WORK INSTRUCTIONS. Omit every picture, then return each line of the data below exactly.

INPUT DATA.
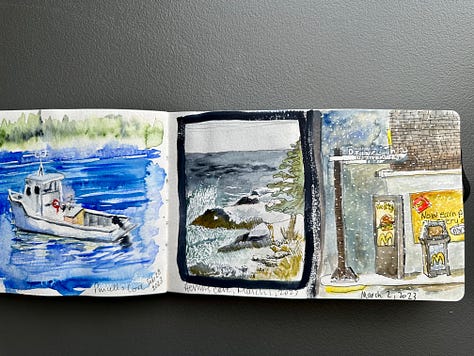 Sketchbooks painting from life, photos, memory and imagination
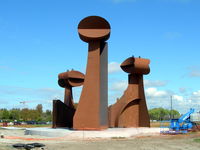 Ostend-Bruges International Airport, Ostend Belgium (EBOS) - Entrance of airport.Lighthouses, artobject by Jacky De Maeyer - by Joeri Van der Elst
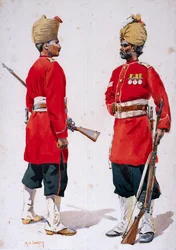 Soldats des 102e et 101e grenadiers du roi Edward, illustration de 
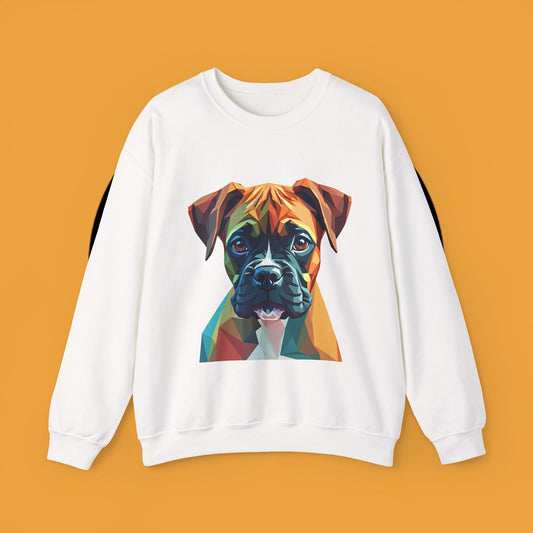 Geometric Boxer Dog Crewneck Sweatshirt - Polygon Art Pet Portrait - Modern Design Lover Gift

SOLUTION TO THIS EXERCISE.
 Sketchbooks painting from life, photos, memory and imagination
 Ostend-Bruges International Airport, Ostend Belgium (EBOS) - Entrance of airport.Lighthouses, artobject by Jacky De Maeyer - by Joeri Van der Elst
 Soldats des 102e et 101e grenadiers du roi Edward, illustration de 
 Geometric Boxer Dog Crewneck Sweatshirt - Polygon Art Pet Portrait - Modern Design Lover Gift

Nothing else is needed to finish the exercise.